▸ **Required action**:
Using the listing below, give again exactly the lines from the line with "Aanleggen parkings trimpad/voetbalveld" to the line with "جوجه|پرنده|گناباد, |دیوار", inclusive, without the pictures.

▸ **The input**:

──────────

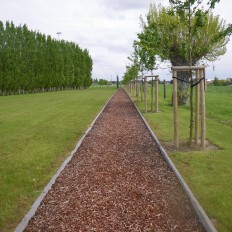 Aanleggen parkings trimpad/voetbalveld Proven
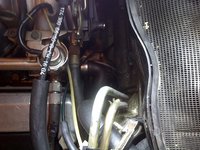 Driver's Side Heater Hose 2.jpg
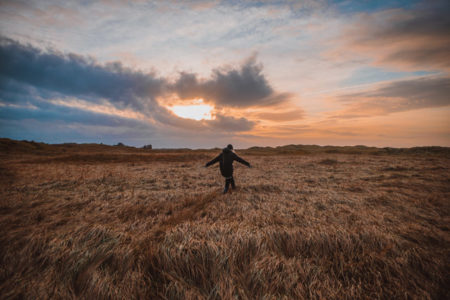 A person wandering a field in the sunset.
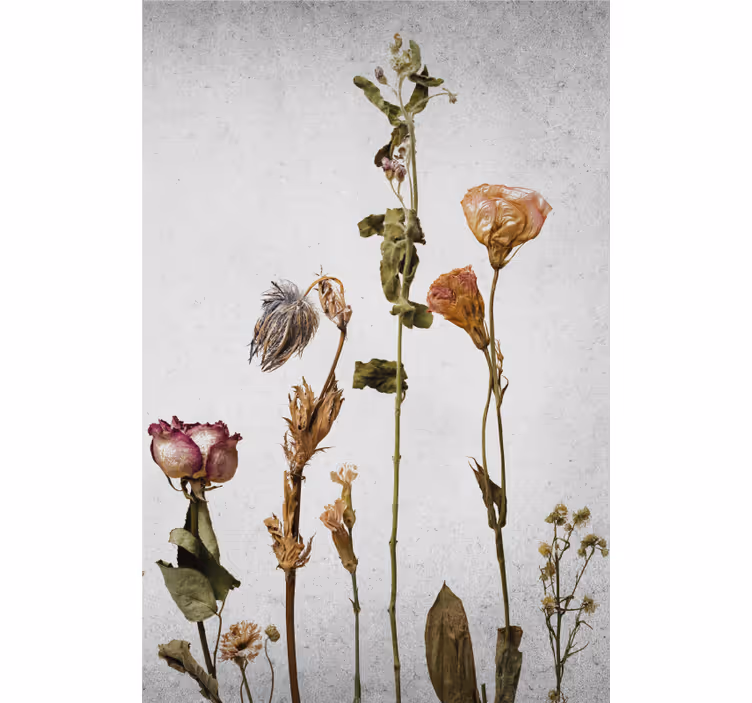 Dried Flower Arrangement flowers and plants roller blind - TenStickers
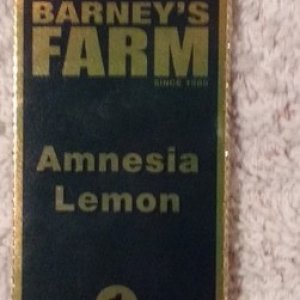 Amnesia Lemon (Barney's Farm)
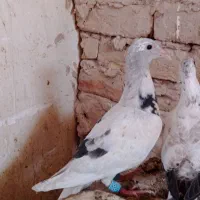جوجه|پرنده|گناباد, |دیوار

──────────

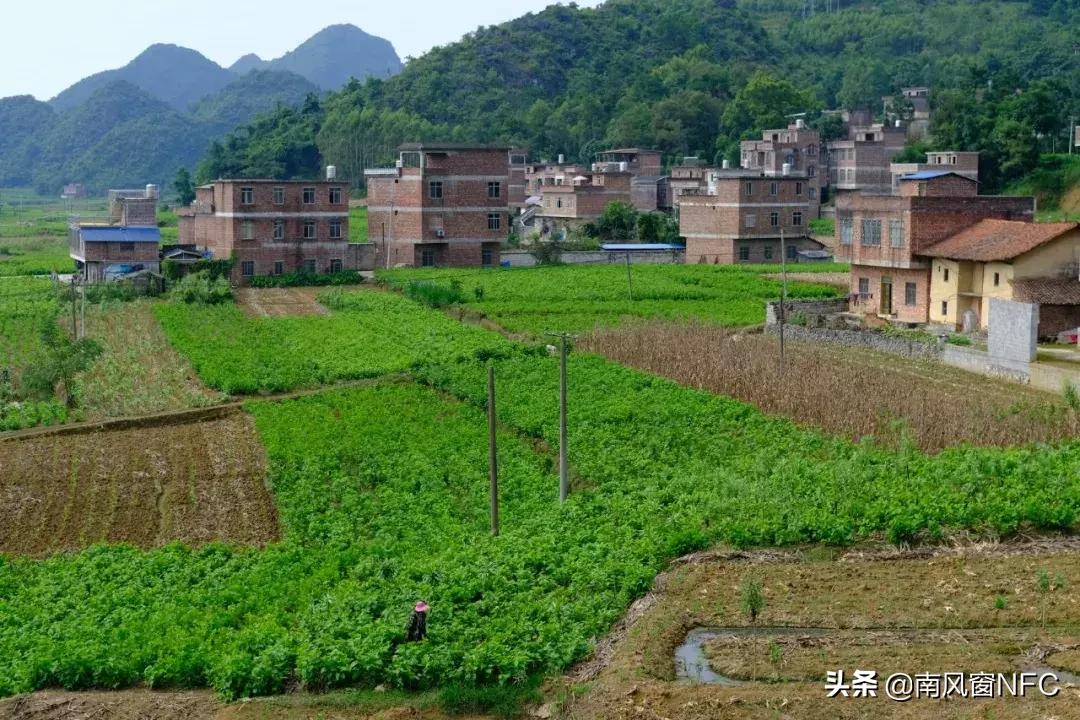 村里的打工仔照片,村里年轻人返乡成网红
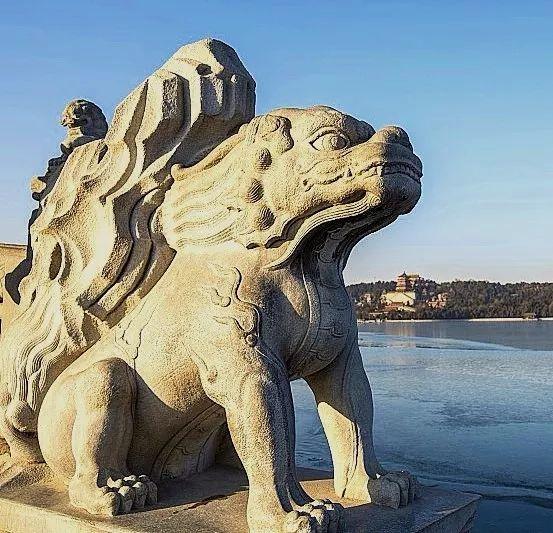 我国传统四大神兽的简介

──────────

▸ **The completed task**:
 Aanleggen parkings trimpad/voetbalveld Proven
 Driver's Side Heater Hose 2.jpg
 A person wandering a field in the sunset.
 Dried Flower Arrangement flowers and plants roller blind - TenStickers
 Amnesia Lemon (Barney's Farm)
جوجه|پرنده|گناباد, |دیوار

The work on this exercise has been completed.